• _Work item_
Word for word, set down the lines from the one that contains "Mercedes C180" through the final line of the data; no pictures belong in the copy.

• _Information supplied_
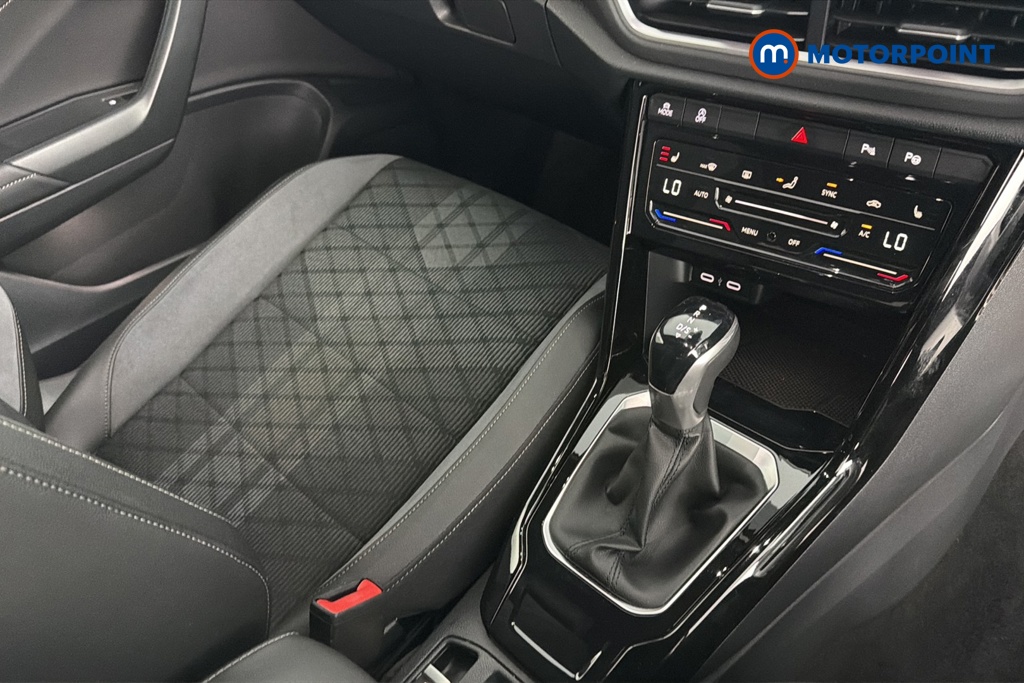 Volkswagen T-Roc R-Line Automatic Petrol SUV - Stock Number (1667111) - 15th supplementary image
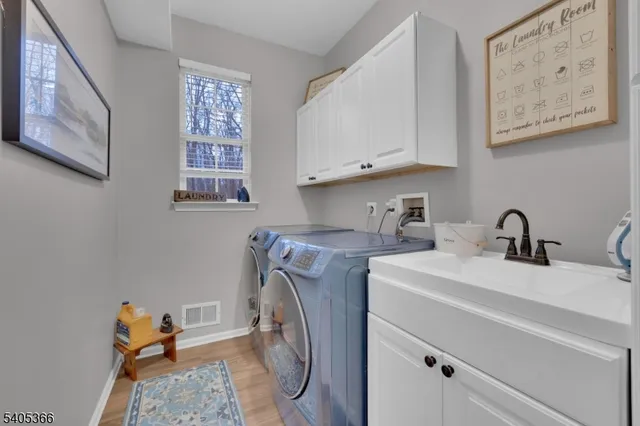 $775,000 | 15 Dorset Drive, Hackettstown, NJ 07840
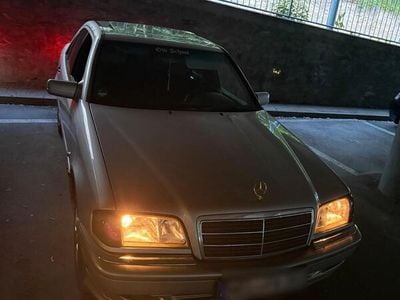 Mercedes C180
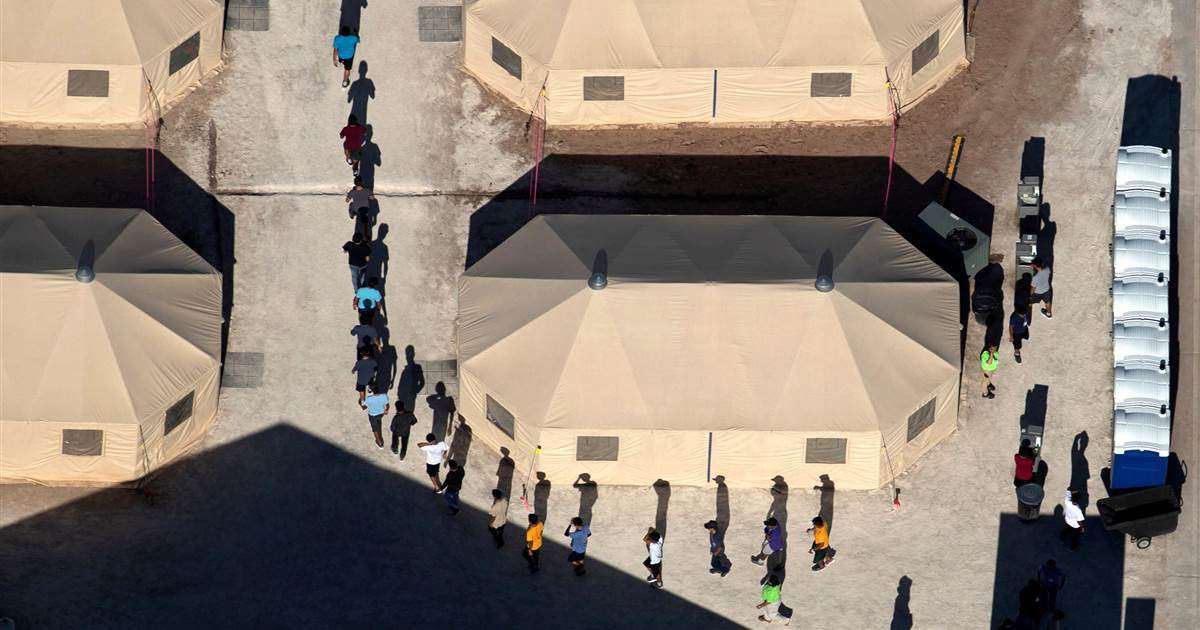 image for Lawyers have found the parents of 105 separated migrant children in past month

• _Result_
 Mercedes C180
 image for Lawyers have found the parents of 105 separated migrant children in past month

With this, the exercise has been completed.